Evolving the Dental Experience for the LGBTQ+ Community
How would you feel if you went to the dentist’s office and someone called you the wrong name, repeatedly referred to you using incorrect pronouns or made assumptions based on your gender presentation or sexual orientation?
For many people in the LGBTQ+ community, that’s what happens every time they try to receive care. And after experiencing discrimination—even if it was inadvertent—patients become less likely to go back, which becomes a risk to their overall health.
With 5.6% of American adults identifying as LGBTQ and the percentage rising to 15.9% of Generation Z (born between 1997 and 2002), it is critical that the LGBTQ+ community has access to safe and welcoming oral health care.
Yet, there are very few studies that comprehensively address the unique challenges and barriers LGBTQ+ people face when accessing dental care.
What We Know
The data we do have suggests that bisexual, lesbian and gay individuals are more likely to rate their oral health unfavorably as compared to their straight peers. Because oral and overall health are intrinsically linked, dentists must be open to discussing concerns beyond oral health.
Many people in the LGBTQ+ community have been systemically disadvantaged and discriminated against. As a result, they experience higher rates of homelessness and substance use disorder than the general population, and they may even have more pronounced dental disease because of care avoidance. Limited evidence from the literature indicates that as a possible effect of hormonal therapy on bone markers, it may be associated with osteoporosis, changes in bone density and periodontitis in the transgender community. Many patients in transition fail to communicate this with their oral health providers, which may negatively impact the outcome of care.
As a general dentist and director of community based dental education at Indiana University School of Dentistry, I felt compelled to dig deeper—and I’ve been searching for literature on this topic for almost a decade. It barely exists. And without an existing body of literature, it’s challenging to make the case for sweeping policy and educational change. That’s a big part of why I started researching dental care for the LGBTQ+ community: giving voice to the issue and laying the groundwork for future studies.
To start, I conducted a needs assessment study, funded by the Delta Dental Foundation. My objective was to understand oral health professionals’ perception of the LGBTQ+ community and what, in their opinion, would improve the community’s ability to access oral health services. In a contrasting comparison, we also asked a sample patient population (from the LGBTQ+ community) what they believed about the same questions.
What We Learned
More than half of dental clinic staff recognize that sexual/gender minorities have less access to seek health-care services, and many staff members are willing to learn how to improve access to care. However, over half of staff believes that they have already undergone adequate cultural competency training, and roughly 30% of dentists are not aware of the changes hormone therapy can have on oral and overall health.
There is also a large discrepancy between patients and staff when it comes to believing dental clinics are a welcoming space for the LGBTQ+ community: Just over 40% of patients think these spaces are adequate but 80% of dental staff think they are.
Surveyed patients were incredibly enthusiastic. On the whole, they were thrilled to have the opportunity to raise awareness about the issue and were able to provide us with key insights. Many recognized that dental care is important, but only 57% of respondents were comfortable going to the dentist. Cited reasons included an unwelcoming office environment and implicit or intentional biases held by dental providers and clinic staff toward the LGBTQ+ community.

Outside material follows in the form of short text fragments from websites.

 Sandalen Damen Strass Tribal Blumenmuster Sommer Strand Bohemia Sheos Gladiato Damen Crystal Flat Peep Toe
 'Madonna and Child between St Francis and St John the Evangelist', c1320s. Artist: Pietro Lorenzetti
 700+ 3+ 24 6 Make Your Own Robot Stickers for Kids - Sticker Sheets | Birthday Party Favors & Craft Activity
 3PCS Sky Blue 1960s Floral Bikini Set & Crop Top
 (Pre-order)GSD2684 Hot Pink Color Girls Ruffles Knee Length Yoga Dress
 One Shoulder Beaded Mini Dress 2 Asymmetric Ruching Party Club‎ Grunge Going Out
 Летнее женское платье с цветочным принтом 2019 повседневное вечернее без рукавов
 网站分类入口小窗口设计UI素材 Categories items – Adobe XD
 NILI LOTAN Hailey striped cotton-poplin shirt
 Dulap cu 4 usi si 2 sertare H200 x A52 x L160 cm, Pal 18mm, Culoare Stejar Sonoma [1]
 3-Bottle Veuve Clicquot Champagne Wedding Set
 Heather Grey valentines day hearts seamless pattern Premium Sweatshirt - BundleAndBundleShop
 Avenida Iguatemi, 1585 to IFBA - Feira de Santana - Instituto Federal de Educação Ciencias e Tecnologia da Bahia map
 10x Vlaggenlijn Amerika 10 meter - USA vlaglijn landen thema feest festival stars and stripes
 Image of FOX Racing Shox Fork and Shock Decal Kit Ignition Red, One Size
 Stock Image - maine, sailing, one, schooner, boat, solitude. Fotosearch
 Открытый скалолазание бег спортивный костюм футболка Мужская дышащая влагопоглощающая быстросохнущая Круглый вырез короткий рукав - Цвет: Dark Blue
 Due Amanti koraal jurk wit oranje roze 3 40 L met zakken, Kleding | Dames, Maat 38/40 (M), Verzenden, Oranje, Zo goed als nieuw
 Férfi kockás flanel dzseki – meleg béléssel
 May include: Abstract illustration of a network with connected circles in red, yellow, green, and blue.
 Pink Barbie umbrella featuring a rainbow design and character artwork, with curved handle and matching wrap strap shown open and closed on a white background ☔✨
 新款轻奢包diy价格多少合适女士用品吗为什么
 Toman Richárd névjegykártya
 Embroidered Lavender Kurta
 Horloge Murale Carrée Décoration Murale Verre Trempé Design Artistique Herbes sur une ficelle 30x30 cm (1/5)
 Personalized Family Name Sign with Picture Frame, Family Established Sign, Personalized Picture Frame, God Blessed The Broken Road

By highlighting care and knowledge gaps that exist in the current system, the needs assessment provides a framework from which we can develop training to improve the knowledge, perceptions and attitudes of dental professionals toward LGBTQ+ patients. Increasing cultural humility and competence for this patient population will help improve care for patients and enhance the confidence and attitudes of health care workers when treating LGBTQ+ individuals.
Change is Needed Beyond the Dental Chair
To make dental offices as welcoming as possible, every member of the care team—including front office staff—must be educated. Health information forms and electronic dental records must include options for pronouns, additional names (if different than the name listed on their ID), sexual orientation and gender identification. Representation matters, too. The LGBTQ+ community benefits when there are more LGBTQ+ providers. Even the rack cards in the waiting room can have an impact if they feature different types of people or family configurations.
We’re just scratching the surface.
In the future, I plan to conduct additional research that will justify the need for improving the cultural humility and competence of dental providers while attending to this patient community; having a welcoming gender-neutral office environment; and having policies to improve access to oral health care services for these patients. After all, access to health services is a basic human right. Sexual orientation, gender expression and gender identity should never be a barrier for that.
Dr. Anubhuti Shukla is a general dentist with specific interests in improving access to oral health services, especially in the vulnerable population. She currently serves as the director of Community-based Dental Education at Indiana University School of Dentistry (IUSD). She graduated from the Harvard School of Dental Medicine (2018) and worked for the Dubai Government, United Arab Emirates, on their National Oral Health Strategy prior to joining IUSD. Her research efforts have focused on improving oral health workforce competence and improving access to care in underserved settings.